▶ _Task brief_
Reproduce the listing exactly and skip over any pictures.

▶ _Supplied data_
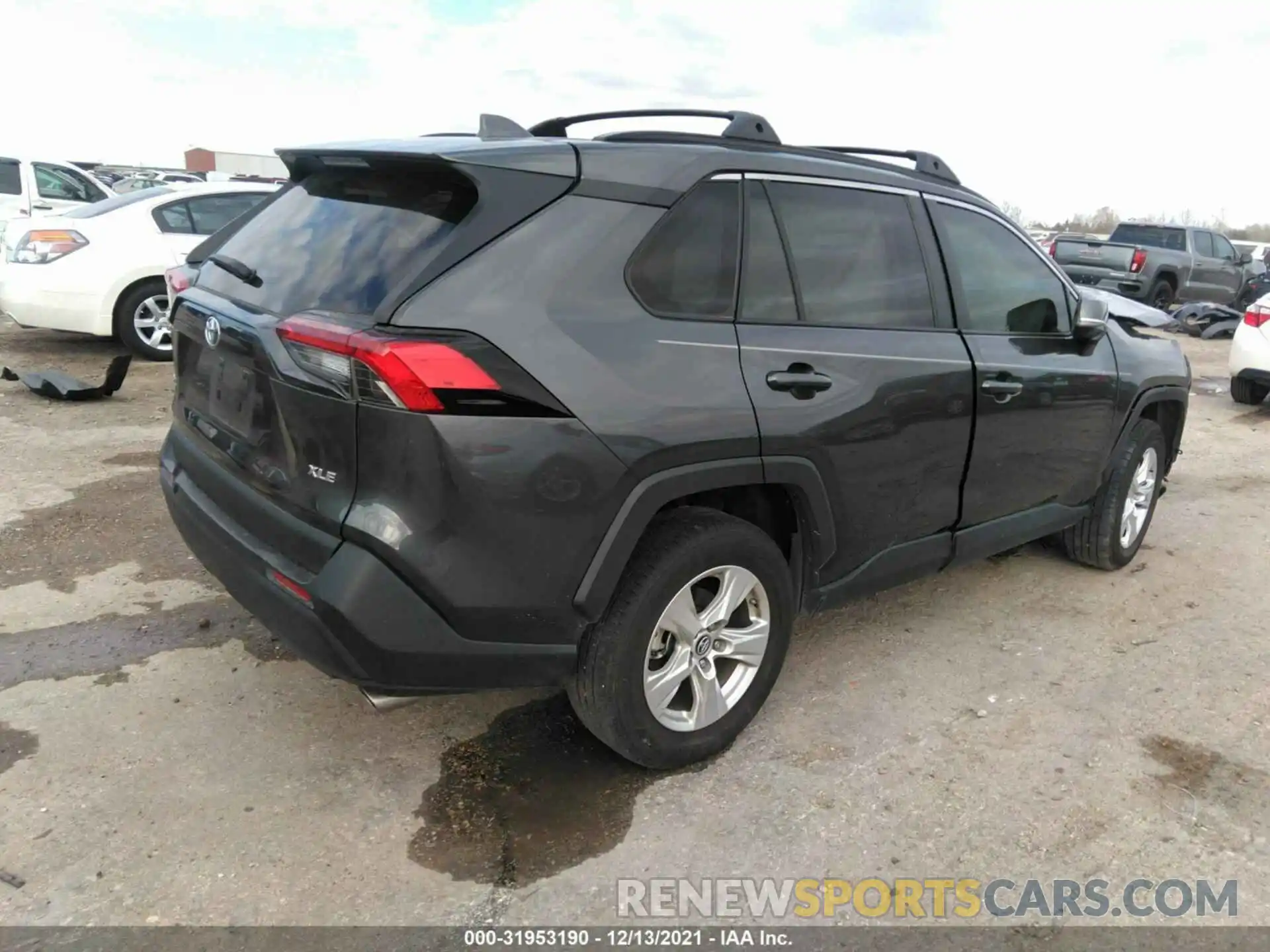 4 Photograph of a damaged car 2T3W1RFV1KW017757 TOYOTA RAV4 2019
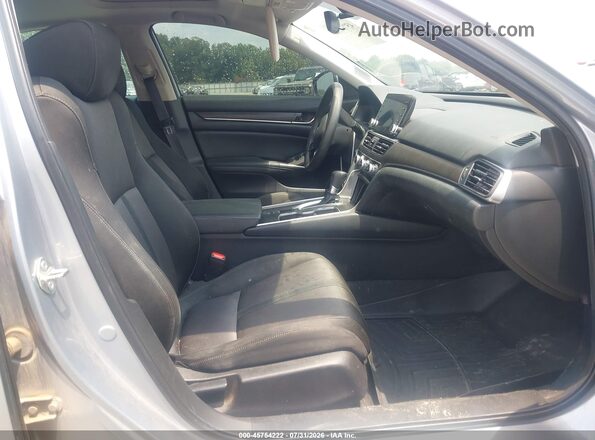 1HGCV1F45LA068261 2020 HONDA ACCORD Серебряный Вид салона спереди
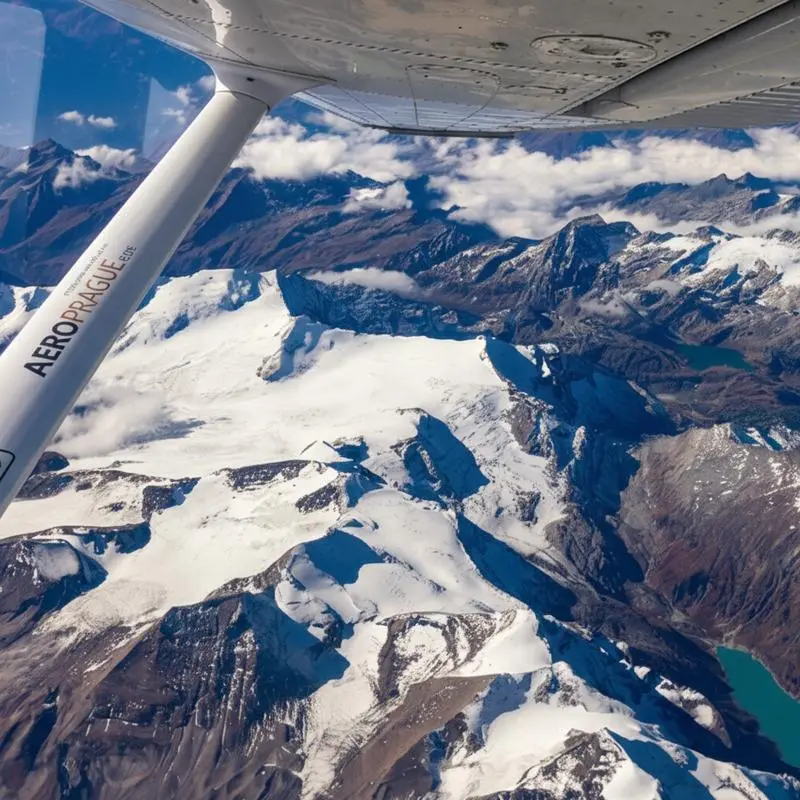Vyhlídkový let nad ALPY odlet Praha - Letňany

▶ _Answer below_
 4 Photograph of a damaged car 2T3W1RFV1KW017757 TOYOTA RAV4 2019
 1HGCV1F45LA068261 2020 HONDA ACCORD Серебряный Вид салона спереди
Vyhlídkový let nad ALPY odlet Praha - Letňany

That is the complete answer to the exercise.